Maamoul cookies, also called Ma’amoul cookies, are a traditional Arabic dessert that is so delicate it melts in your mouth and is packed with delicious, sweet flavor!
Traditional maamoul is made with yeasted semolina flour, but my homemade maamoul recipe calls for all-purpose flour, making this a quicker (but still absolutely incredible) version! The rosewater-scented shortbread-like pastry surrounds a simple but luscious date filling. It is rich, satisfying, and so comforting. Plus, who doesn’t love to bake with dates? They’re so flavorful, almost vanilla-like, and naturally sweet, so this recipe doesn’t call for much sugar.

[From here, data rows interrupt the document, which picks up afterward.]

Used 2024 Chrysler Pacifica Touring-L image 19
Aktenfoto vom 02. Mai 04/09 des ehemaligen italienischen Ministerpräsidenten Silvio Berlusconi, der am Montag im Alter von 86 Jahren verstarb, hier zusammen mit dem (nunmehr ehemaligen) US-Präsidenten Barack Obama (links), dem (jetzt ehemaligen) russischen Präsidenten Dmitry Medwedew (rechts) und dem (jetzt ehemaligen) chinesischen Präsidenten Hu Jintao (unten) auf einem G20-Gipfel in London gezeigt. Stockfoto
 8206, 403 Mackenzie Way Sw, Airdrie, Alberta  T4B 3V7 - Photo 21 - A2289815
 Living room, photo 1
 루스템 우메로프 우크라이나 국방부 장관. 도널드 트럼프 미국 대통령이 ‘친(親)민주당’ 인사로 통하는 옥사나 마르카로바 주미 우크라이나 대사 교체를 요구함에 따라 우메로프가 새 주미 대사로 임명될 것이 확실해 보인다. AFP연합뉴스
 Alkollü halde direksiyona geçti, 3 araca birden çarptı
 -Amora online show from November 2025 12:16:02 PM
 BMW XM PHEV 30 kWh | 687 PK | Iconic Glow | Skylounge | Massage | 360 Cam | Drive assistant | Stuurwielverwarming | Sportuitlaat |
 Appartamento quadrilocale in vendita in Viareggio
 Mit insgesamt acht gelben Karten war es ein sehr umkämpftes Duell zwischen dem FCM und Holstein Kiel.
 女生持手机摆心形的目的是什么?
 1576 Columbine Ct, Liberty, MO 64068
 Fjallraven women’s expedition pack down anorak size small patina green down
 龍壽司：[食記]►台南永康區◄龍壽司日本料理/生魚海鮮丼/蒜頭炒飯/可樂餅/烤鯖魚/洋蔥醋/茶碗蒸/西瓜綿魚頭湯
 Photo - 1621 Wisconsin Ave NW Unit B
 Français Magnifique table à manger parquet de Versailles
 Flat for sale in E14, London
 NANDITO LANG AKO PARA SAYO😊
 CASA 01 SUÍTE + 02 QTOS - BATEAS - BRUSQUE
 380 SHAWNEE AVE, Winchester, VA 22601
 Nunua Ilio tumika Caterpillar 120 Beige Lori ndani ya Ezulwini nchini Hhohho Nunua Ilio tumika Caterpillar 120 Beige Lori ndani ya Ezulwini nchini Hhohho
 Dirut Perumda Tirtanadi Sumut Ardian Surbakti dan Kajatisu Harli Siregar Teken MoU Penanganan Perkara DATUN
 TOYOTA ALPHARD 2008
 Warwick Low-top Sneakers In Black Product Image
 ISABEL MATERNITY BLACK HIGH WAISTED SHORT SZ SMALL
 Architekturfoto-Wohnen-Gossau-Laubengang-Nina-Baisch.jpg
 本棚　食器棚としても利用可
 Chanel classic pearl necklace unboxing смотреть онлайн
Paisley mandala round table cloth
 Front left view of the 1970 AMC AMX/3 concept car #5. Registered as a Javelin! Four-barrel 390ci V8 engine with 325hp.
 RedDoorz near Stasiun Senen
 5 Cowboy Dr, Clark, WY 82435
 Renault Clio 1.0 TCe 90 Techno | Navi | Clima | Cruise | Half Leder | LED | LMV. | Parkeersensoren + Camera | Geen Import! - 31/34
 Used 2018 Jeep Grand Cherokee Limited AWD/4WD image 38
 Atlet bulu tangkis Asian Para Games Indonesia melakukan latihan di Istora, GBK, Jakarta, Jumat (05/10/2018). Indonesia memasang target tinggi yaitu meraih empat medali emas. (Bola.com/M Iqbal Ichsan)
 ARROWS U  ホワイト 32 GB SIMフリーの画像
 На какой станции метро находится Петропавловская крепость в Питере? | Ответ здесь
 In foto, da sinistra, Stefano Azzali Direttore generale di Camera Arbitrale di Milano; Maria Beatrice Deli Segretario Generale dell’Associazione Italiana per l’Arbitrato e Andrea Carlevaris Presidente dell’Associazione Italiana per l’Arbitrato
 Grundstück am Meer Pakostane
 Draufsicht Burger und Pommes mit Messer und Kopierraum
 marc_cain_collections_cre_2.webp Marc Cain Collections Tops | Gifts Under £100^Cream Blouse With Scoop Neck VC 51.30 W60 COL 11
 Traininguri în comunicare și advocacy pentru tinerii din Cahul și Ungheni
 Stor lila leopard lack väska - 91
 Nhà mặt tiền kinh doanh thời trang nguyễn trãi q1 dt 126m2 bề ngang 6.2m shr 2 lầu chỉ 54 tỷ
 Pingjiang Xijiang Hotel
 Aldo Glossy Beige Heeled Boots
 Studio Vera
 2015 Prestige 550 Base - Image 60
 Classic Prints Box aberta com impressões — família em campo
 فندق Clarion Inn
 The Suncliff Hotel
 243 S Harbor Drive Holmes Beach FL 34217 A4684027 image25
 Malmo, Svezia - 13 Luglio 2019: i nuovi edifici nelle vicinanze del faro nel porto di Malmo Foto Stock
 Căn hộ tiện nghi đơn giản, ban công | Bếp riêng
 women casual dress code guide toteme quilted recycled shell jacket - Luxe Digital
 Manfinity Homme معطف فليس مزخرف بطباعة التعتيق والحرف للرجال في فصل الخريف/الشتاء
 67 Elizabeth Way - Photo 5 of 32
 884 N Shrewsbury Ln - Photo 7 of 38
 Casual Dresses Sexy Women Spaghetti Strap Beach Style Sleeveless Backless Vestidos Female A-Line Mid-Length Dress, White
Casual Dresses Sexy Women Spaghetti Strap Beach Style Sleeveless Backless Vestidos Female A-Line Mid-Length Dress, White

These Middle Eastern cookies also have a rich history (you can see depictions of them in Egyptian temples!) and are a part of many Muslim and Christian holidays!
If you like this recipe, it’s a part of my Bold Baking Worldwide campaign, where I’m bringing you recipes from around the globe on Mondays! Catch up with these recent recipes, too: Bananas Foster, Irish Apple Amber, Sourdough English Muffins.
What is Maamoul?
Maamoul is a butter cookie traditionally filled with dates, although other fillings, like pistachios or walnuts, are also popular. These delicious cookies can be found around the world but are particularly popular in the Arabian peninsula.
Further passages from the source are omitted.